Activity 7: Dummy Variables

Solution

  1. Plot the raw data (df) and moving average (rolling):

    fig = plt.figure(figsize=(10, 7))
    ax = fig.add_axes([1, 1, 1, 1]);
    
    # Temp measurements
    ax.scatter(df_first_year.DayOfYear, df_first_year.TempAvgF, label='Raw Data');
    ax.plot(df_first_year.DayOfYear, rolling, c='r', label=f'{window} day moving average');
    
    ax.set_title('Daily Mean Temperature Measurements')
    ax.set_xlabel('Day')
    ax.set_ylabel('Temperature (degF)')
    ax.set_xticks(range(1, 366), 10)
    ax.legend();

    The output will be:

    Figure 3.84: Scatterplot of Temperature throughout the year

  2. Looking at the preceding plot, there seems to be an inflection point around day 250. Create a dummy variable to introduce this feature into the linear model:

    df_first_year.loc[:,'inflection'] = [1 * int(i < 250) for i in df_first_year.DayOfYear]
  3. Check the first and last samples to confirm that the dummy variable is correct.
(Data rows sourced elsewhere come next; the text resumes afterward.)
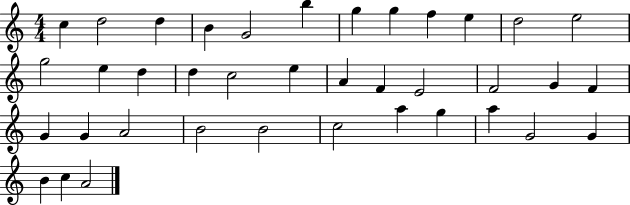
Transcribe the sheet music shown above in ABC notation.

X:1
T:Untitled
M:4/4
L:1/4
K:C
c d2 d B G2 b g g f e d2 e2 g2 e d d c2 e A F E2 F2 G F G G A2 B2 B2 c2 a g a G2 G B c A2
Check the first five samples:

    df_first_year.head()

    The output will be as follows:

    Figure 3.85: First five columns

    Then, check the last five samples:

    df_first_year.tail()

    The output will be:

    Figure 3.86: Last five columns

  4. Use a least squares linear regression model and fit the model to the DayOfYear values and the dummy variable to predict TempAvgF:

    # Note the year values need to be provided as an N x 1 array
    model = LinearRegression()
    model.fit(df_first_year[['DayOfYear', 'inflection']], df_first_year.TempAvgF)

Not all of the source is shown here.